Data excerpt ▸
+---+
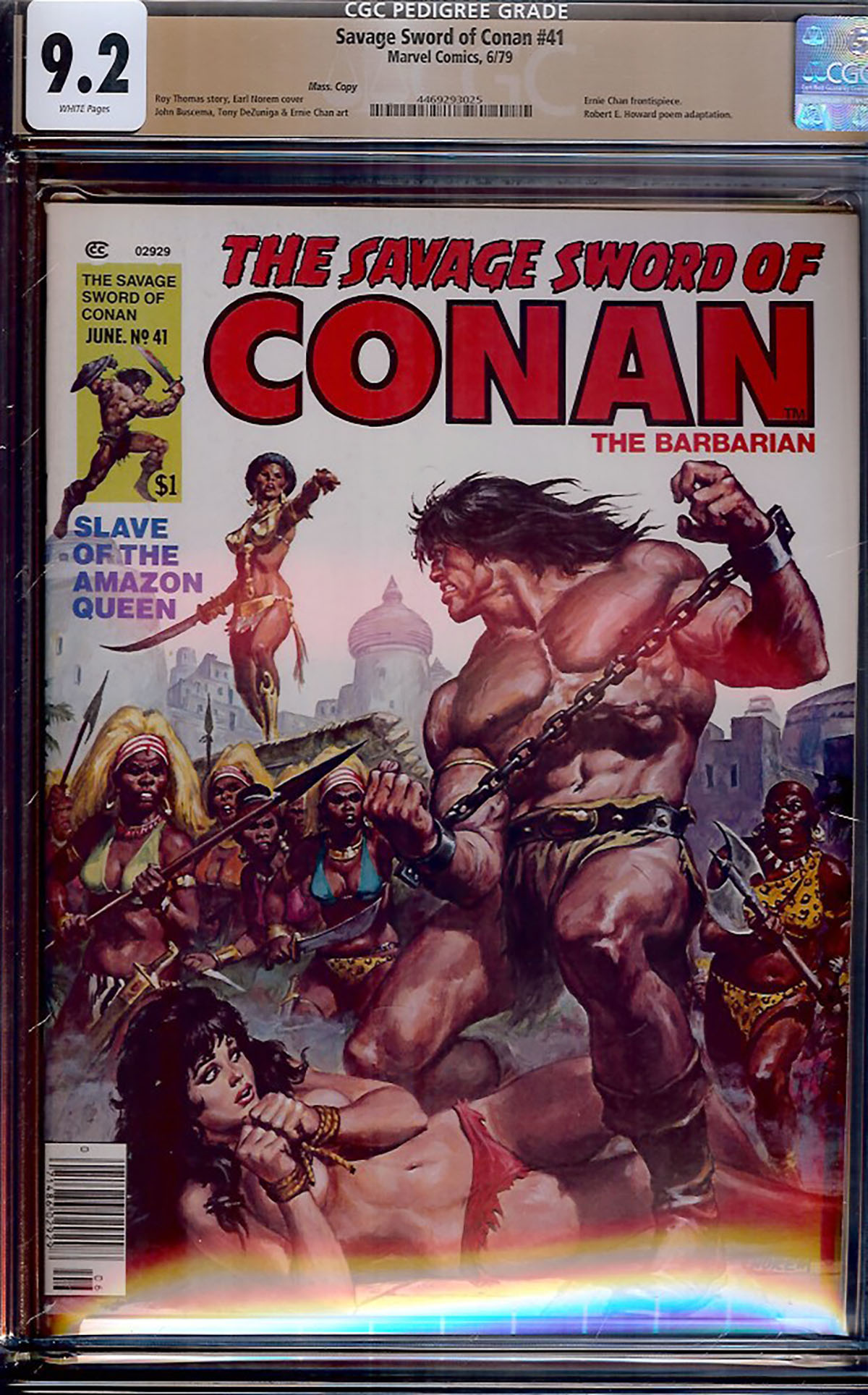 Savage Sword of Conan #41 CGC 9.2 w Mass. Copy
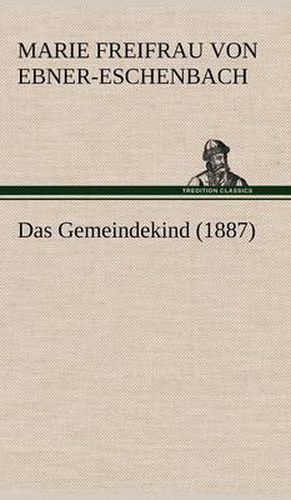 Cover image for Das Gemeindekind (1887)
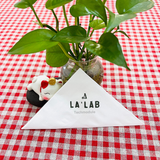 


																	 Khăn giấy ăn in logo LALAB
+---+
Work instruction ▸ Restate, word for word, all of the material above, leaving out the images.

Answer to the problem ▸
 Savage Sword of Conan #41 CGC 9.2 w Mass. Copy
 Cover image for Das Gemeindekind (1887)


																	 Khăn giấy ăn in logo LALAB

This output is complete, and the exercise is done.